A quadrangle $ABCD$ in the Euclidean plane is called nondegenerate if no three points from $A, B, C, D$ lie on one line.

A nondegenerate quadrangle is called a parallelogram if its opposite sides are parallel.

Lemma $\PageIndex{1}$

Any parallelogram is centrally symmetric with respect to a midpoint of one of its diagolals.

In particular, if $\square ABCD$ is a parallelogram, then

(a) its diagonals $[AC]$ and $[BD]$ intersect each other at their midpoints;

(b) $\measuredangle ABC = \measuredangle CDA$ ;

Proof

$截屏2021-02-11 上午10.59.25.png$

Let $\square ABCD$ be a parallelogram. Denote by $M$ the midpoint of $[AC]$ .

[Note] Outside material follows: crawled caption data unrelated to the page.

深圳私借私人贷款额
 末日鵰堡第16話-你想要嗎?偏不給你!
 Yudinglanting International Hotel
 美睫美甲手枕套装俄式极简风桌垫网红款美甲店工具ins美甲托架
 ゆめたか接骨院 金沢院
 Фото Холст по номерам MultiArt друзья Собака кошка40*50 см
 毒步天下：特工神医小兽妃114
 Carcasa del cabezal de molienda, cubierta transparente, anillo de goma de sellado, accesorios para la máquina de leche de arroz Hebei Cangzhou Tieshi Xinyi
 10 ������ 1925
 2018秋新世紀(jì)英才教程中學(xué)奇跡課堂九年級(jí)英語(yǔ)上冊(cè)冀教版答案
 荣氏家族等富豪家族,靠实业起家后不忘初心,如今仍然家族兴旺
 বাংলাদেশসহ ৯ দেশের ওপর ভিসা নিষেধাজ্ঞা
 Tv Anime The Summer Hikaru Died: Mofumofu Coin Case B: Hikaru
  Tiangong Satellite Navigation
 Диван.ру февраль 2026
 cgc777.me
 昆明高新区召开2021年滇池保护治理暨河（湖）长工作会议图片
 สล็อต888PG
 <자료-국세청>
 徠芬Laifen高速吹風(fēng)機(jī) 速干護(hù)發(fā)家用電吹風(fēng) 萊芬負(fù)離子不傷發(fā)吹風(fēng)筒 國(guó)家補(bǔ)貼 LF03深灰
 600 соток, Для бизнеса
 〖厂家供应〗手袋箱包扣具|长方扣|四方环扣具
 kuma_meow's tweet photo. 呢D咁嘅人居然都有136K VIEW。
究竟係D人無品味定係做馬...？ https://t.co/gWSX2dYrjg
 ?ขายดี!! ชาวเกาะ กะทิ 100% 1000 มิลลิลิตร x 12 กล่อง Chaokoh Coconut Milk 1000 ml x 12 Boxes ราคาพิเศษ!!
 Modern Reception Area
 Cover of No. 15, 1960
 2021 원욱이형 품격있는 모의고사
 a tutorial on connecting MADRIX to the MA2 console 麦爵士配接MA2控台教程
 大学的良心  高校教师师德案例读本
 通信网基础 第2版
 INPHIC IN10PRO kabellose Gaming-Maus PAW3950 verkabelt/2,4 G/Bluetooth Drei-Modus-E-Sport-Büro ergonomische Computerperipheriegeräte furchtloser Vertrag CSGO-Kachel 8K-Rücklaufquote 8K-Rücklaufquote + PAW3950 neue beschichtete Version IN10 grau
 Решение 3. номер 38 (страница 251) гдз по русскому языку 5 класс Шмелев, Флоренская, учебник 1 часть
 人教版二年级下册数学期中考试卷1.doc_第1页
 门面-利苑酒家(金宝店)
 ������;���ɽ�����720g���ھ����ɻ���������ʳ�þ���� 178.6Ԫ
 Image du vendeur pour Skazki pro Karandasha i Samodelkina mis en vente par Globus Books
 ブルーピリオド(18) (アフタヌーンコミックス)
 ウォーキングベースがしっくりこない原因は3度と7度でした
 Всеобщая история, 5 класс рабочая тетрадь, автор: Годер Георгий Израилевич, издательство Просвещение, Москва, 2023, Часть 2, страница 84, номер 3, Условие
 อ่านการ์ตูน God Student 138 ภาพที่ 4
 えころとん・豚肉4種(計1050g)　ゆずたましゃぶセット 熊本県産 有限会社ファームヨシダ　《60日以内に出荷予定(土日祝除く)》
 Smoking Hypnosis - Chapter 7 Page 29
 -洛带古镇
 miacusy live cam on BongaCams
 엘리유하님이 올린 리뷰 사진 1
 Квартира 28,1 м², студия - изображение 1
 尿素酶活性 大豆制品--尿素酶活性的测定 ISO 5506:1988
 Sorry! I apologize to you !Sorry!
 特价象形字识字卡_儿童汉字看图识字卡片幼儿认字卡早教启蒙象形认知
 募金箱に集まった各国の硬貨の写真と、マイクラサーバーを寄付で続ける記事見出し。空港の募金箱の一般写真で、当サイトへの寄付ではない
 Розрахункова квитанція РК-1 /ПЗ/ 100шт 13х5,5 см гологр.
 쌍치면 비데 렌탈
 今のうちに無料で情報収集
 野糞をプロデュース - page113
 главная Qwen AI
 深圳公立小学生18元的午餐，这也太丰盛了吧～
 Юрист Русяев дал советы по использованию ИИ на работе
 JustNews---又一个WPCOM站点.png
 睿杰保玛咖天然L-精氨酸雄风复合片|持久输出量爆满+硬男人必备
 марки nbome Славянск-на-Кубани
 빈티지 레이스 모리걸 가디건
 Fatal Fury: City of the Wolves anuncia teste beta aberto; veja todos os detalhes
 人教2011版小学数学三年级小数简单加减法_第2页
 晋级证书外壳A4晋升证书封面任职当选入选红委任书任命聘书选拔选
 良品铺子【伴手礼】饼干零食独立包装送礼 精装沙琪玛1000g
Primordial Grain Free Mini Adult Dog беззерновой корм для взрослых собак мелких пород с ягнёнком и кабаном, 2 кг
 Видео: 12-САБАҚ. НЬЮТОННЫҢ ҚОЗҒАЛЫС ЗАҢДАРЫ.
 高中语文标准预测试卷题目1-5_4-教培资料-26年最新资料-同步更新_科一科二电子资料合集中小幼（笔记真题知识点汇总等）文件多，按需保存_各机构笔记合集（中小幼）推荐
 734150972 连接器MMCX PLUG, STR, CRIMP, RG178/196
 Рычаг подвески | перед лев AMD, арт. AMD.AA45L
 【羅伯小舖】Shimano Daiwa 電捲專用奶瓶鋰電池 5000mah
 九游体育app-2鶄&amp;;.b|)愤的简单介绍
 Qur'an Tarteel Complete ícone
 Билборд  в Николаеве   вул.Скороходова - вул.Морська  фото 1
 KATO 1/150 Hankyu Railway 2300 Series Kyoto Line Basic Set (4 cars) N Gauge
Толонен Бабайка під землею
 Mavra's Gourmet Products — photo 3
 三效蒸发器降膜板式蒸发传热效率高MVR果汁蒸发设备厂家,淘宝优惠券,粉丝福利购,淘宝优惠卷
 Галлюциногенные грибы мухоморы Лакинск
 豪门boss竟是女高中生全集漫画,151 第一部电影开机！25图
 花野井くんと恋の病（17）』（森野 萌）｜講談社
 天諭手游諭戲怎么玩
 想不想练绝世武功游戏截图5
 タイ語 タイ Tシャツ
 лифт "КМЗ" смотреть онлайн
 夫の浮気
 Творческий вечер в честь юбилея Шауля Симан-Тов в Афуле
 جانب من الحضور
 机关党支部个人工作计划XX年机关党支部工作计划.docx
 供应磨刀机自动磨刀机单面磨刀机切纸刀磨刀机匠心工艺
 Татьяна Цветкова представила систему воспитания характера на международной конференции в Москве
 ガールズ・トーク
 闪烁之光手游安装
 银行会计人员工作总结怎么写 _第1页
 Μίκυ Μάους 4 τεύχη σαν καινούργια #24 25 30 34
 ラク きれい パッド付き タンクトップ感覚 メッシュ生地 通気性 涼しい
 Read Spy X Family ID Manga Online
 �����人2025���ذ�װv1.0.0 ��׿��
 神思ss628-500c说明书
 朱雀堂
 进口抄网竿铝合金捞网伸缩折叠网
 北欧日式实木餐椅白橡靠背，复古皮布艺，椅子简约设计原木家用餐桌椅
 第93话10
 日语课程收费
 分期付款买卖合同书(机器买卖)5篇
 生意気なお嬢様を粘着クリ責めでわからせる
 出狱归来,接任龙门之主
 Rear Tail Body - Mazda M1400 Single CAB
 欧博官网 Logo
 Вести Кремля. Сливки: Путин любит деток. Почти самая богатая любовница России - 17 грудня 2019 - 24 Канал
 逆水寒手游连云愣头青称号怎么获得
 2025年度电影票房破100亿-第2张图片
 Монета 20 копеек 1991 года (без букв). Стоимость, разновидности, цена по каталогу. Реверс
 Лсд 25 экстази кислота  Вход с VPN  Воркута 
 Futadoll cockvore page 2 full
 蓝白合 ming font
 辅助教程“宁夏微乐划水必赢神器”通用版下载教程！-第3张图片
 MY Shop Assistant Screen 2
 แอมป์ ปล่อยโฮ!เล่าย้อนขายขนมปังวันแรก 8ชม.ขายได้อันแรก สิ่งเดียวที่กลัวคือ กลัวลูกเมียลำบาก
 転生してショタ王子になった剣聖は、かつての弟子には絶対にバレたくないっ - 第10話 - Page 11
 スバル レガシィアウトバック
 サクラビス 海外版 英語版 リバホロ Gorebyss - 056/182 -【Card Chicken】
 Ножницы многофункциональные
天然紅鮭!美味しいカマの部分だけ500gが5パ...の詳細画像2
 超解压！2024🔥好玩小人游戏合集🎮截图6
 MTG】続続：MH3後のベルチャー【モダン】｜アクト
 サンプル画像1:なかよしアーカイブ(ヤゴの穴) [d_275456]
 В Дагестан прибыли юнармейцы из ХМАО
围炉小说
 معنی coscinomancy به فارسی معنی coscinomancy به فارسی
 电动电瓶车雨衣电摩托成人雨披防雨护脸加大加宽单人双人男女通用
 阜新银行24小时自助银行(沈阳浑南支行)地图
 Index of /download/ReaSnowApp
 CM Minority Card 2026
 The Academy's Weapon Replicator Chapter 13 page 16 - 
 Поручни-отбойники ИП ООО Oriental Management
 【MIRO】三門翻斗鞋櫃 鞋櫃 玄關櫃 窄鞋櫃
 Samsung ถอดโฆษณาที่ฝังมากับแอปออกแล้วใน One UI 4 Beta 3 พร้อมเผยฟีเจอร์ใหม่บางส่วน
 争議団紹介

Since $(AB)\parallel (CD)$ , Theorem 7.2.1 implies that $(CD)$ is a reflection of $(AB)$ across $M$ . The same way $(BC)$ is a reflection of $(DA)$ across $M$ . Since $\square ABCD$ is nondegenerate, it follows that $D$ is a reflection of $B$ across $M$ ; in other words, $M$ is the midpoint of $[BD]$ .

The remaining statements follow since reflection across $M$ is a direct motion of the plane (see Proposition 7.2.1).

Exercise $\PageIndex{1}$

Assume $ABCD$ is a quadrangle such that

$AB = CD = BC = DA.$

Such that $ABCD$ is a parallelogram.

Hint

Since $\triangle ABC$ is isosceles, $\measuredangle CAB = \measuredangle BCA$ .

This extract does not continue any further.